Es ist eine Art "Panzerwende 2.0": Nachdem Olaf Scholz vor knapp drei Wochen die Lieferung des Schützenpanzers "Marder" an die Ukraine verkündete und damit eine neue Phase deutscher Waffenlieferungen einleitete, folgt dem "Marder" nun also auch der "Leopard". Der ersten "Panzerwende" lässt der "Zeitenwende-Kanzler" nun also die zweite folgen. Endlich.
Denn dass die Ukraine den modernsten Kampfpanzer der Welt dringend braucht, daran gibt es keinen Zweifel.

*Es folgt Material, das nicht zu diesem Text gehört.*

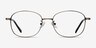 Behold Bronze MetalEyeglass Frames from EyeBuyDirect, Front View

Sämtliche Militärexperten sind sich einig: Schon jetzt stockt der Versuch, Gebiete zurückzugewinnen. Und Russland rüstet sich im Frühjahr - verstärkt von rund 200.000 Rekruten - für die nächste massive Offensive.

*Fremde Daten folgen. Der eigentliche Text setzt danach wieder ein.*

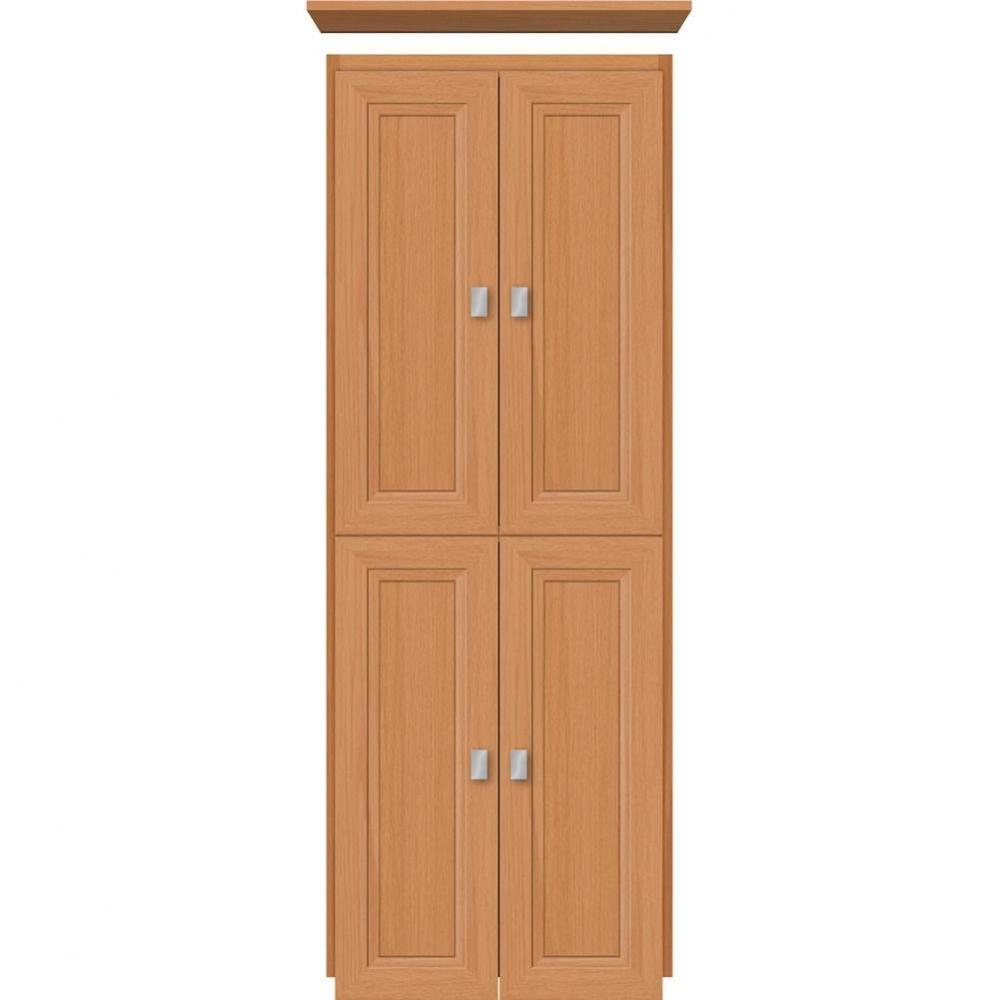 18 X 18 X 48 Montlake Linen Upper Ogee Miter Nat Oak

Wie drückte es unlängst ein österreichischer Oberst aus? "Marder" ohne "Leopard" - das wäre wie die Lieferung von "Nägeln ohne Hammer". Nun also macht der Kanzler "Nägel mit Köpfen" beziehungsweise "Nägel mit Hammer". Wenn auch spät.
Wertvolle Zeit ist verstrichen
Denn so sehr sich Scholz nun dafür rühmen mag, den Alleingang vermieden und eine internationale Kampfpanzer-Koalition geschmiedet zu haben - er hat wertvolle Zeit und eine dicke Chance verstreichen lassen: Zeit, weil die Ukraine genau die in ihrem Abwehrkampf nicht hat und den "Leopard" schon im Spätsommer gebraucht hätte. Und weil es eben nicht so ist, dass erst seit ein paar Tagen über den Kampfpanzer laut nachgedacht wird - der erste ukrainische Antrag stammt vom März vergangenen Jahres.

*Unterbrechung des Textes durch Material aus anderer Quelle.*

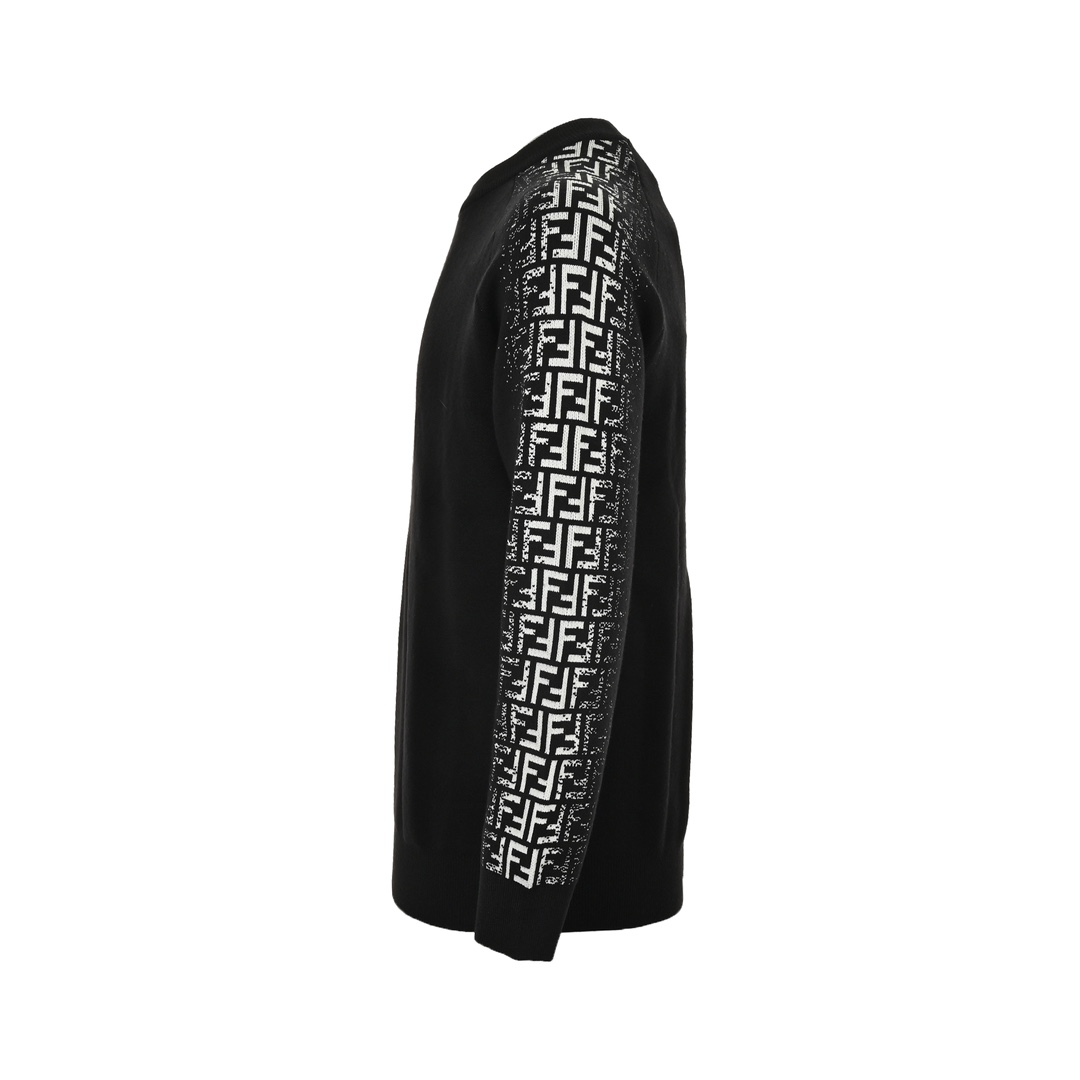 Fendi 24Fw arm gradient FF jacquard knit sweater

Und was die verpasste Chance angeht: Bereits seit September liegt der durchaus sachdienliche Vorschlag auf dem Tisch, eine europäische Allianz sämtlicher 13 Staaten zu formen, die über den "Leopard" verfügen.
Auf diese Weise hätte Deutschland eine dreifache Win-Situation erzeugen können: Man hätte der Ukraine geholfen, Berlin hätte seinen immer wieder vorgebrachten Führungsanspruch unterfüttert und auf diese Weise auch noch die USA erfreut, die seit Jahren händeringend darauf warten, dass Deutschland und die Europäer ausnahmsweise einmal selber voranschreiten und nicht ständig darauf warten, dass die Amerikaner ihnen beim Erledigen ihrer militär-strategischen Hausaufgaben helfen.
Irritationen bei Bündnispartnern
Mit ihrem Zögern aber hat die Bundesregierung nun die osteuropäischen Bündnispartner irritiert und zuletzt auch noch den transatlantischen Partner verärgert. Indem sie auf die parallele Lieferung des US-Modells "Abrams" bestand - einer klobigeren, komplizierteren, nicht ohne weiteres mit Diesel betankbaren Kampfpanzer-Variante - worauf US-Präsident Joe Biden gerne verzichtet hätte.
Wenn der Bundeskanzler aber darauf beharrt, dass er bewusst und aus guten Gründen abtastend und behutsam vorgeht, sich "nicht treiben lässt", wie er im Bundestag sagte, so ist es ihm nicht gelungen, diese Gründe auch zu kommunizieren. Er beließ es stattdessen bei der bei sparsamen Ansage, man solle ihm da einfach vertrauen.
Im Interesse Berlins wie Kiews
Denn es ist doch schwer zu leugnen: Russlands Präsident Wladimir Putin wird sich erst dann an den Verhandlungstisch begeben, wenn er militärisch kein Stück mehr weiter kommt. Das werden die "Leopard"-Panzer nicht im Alleingang bewirken. Aber einen Beitrag dazu leisten können sie doch.
Die Scholzsche '"Panzerwende 2.0" ist also - auch ohne dass damit zwingend eine Wende in diesem Krieg einhergeht - im Interesse Berlins wie Kiews gleichermaßen. Und was die in ihrer Existenz bedrohte Ukraine betrifft, gilt ohnehin: Derzeit sind dort fast alle Waffen Defensivwaffen - auch ein Kampfpanzer wie der "Leopard 2".